1.2 Any reference in these Conditions to any provision of a statute shall be
construed as a reference to that provision as amended, re-enacted or extended
at the relevant time.
1.3 The headings in these Conditions are for convenience only and shall not
affect their interpretation.
2. Basis of the Sale
2.1 The Seller shall sell and the Buyer shall purchase the Goods in accordance
with any written quotation of the Seller which is accepted by the Buyer, or
any written order of the buyer which is accepted by the Seller, subject in either
case to these Conditions, which shall govern the Contract to the exclusion of
any other terms and conditions subject to which any such quotation is accepted
or purported to be made, by the Buyer.
2.2 No variation to these conditions shall be binding unless agreed in Writing
between the authorized representatives of the Buyer and the Seller.
2.3 The Seller's employees or agents are not authorized to make any representations
concerning the Goods unless confirmed by the Seller in Writing. In entering
into the Contract the Buyer acknowledges that it does not rely on, and waives
any claim for breach of, any such representations which are not so confirmed.

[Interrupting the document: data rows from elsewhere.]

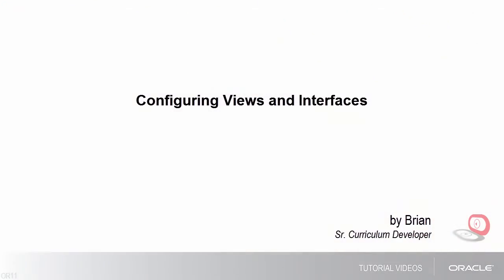Hello, my name is Brian. This video series will take you through the basic setup of an Oracle Service Cloud Knowledge Advanced Environment.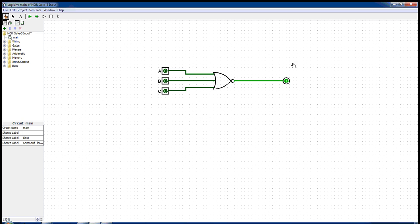This is the circuit diagram of a three input NOR gate. A NOR gate, or negative OR gate, is a logic gate in which the output is high only if all the inputs are low.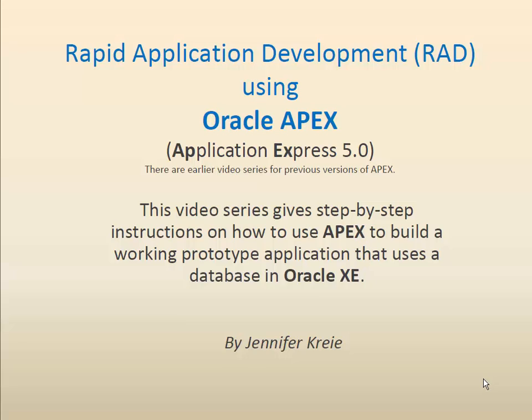Hi, this is one video in a series of videos that will help show you many of the features of Oracle APEX Application Express Version 5. We will use APEX to build a prototype application based on a database in Oracle XE.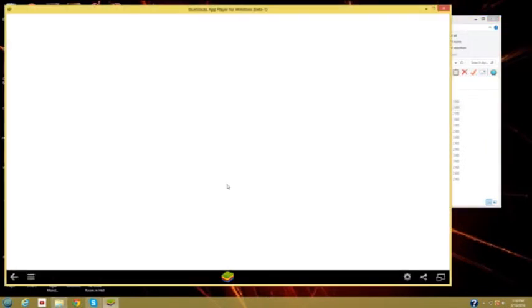As you can see, when I try to open up BlueStacks, there's two different things it might do. It might go to this white screen, or it might go to a blue screen that doesn't load.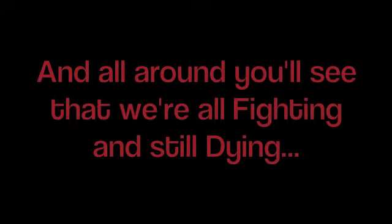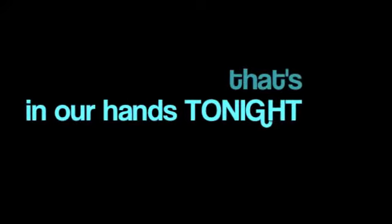And all around you'll see that we're all fighting and still dying. Hold on, hold on for the hope that's in our hands tonight. It's in our hands.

2.4 Any advice or recommendation given by the seller or its employees or agents
to the buyer or its employees or agents as to the storage, application or use
of the goods which is not confirmed in writing by the seller is followed or
acted upon entirely at the buyer's risk, and accordingly the seller shall not
be liable for any such advice or recommendation which is not so confirmed.
2.5 Any typographical, clerical or other error or omission in any sales literature,
quotation, price list, acceptance of offer, invoice or other document or information
issued by the seller shall be subject to correction without any liability on
the part of the Seller.
3. Orders and Specifications
3.1 No order submitted by the Buyer shall be deemed to be accepted by the Seller
unless and until confirmed by the Seller's authorized representative.

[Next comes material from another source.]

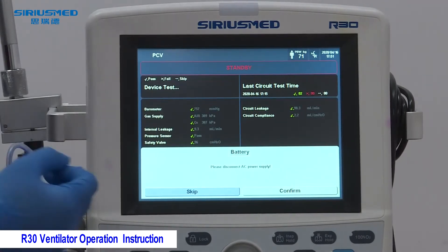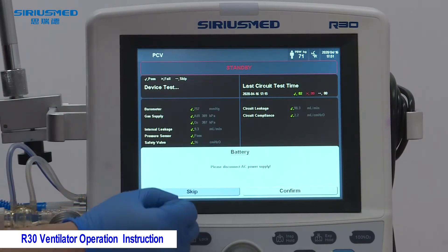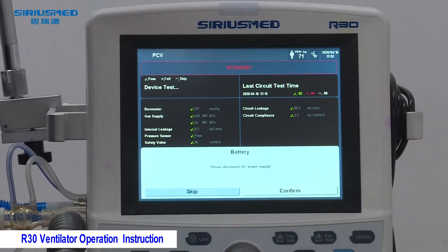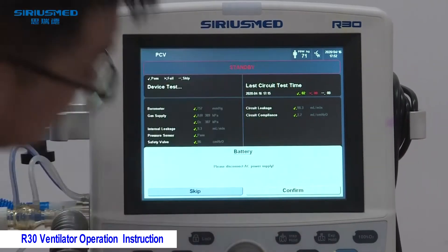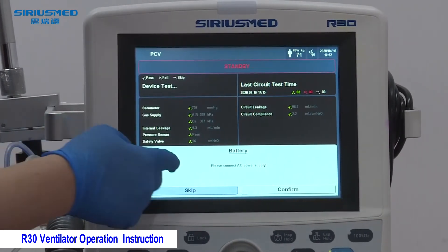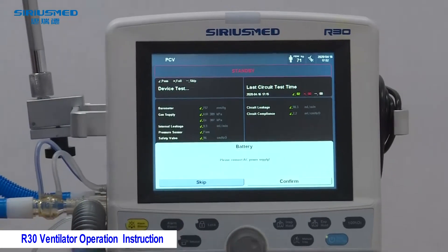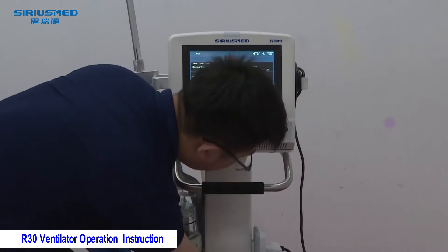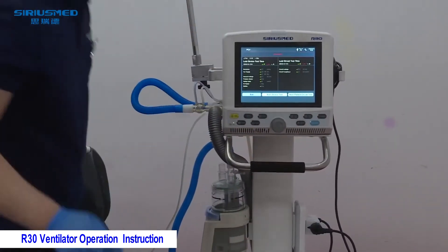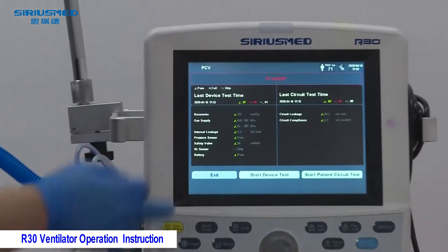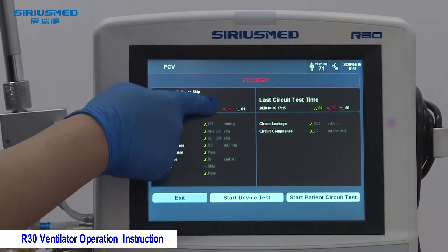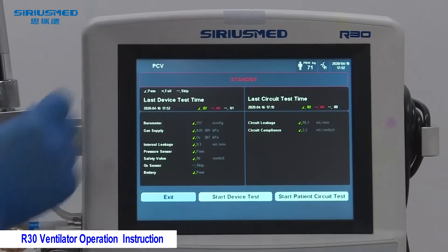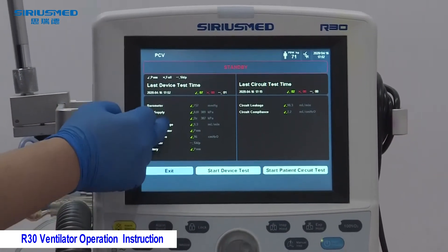There is then an instruction about the battery test: it tells you to disconnect the AC power supply, meaning you disconnect the main unit AC power cable. Wait a few seconds and then it will tell you to reconnect the AC power supply. After reconnecting, it will pass. The green indicator means the test passed, the red means failed, and the other indicator means skipped.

3.2 The Buyer shall be responsible to the seller for insuring the accuracy of
the terms of any order (including any applicable specification) submitted by
the Buyer, and for giving the Seller any necessary information relating to the
goods within a sufficient time to enable the Seller to perform the Contract
in accordance with its terms.
3.3 The quantity, quality and description of and any specification for the goods
shall be those set out in the Seller's quotation (if accepted the by the Buyer)
or the Buyers order (if accepted by the Seller.)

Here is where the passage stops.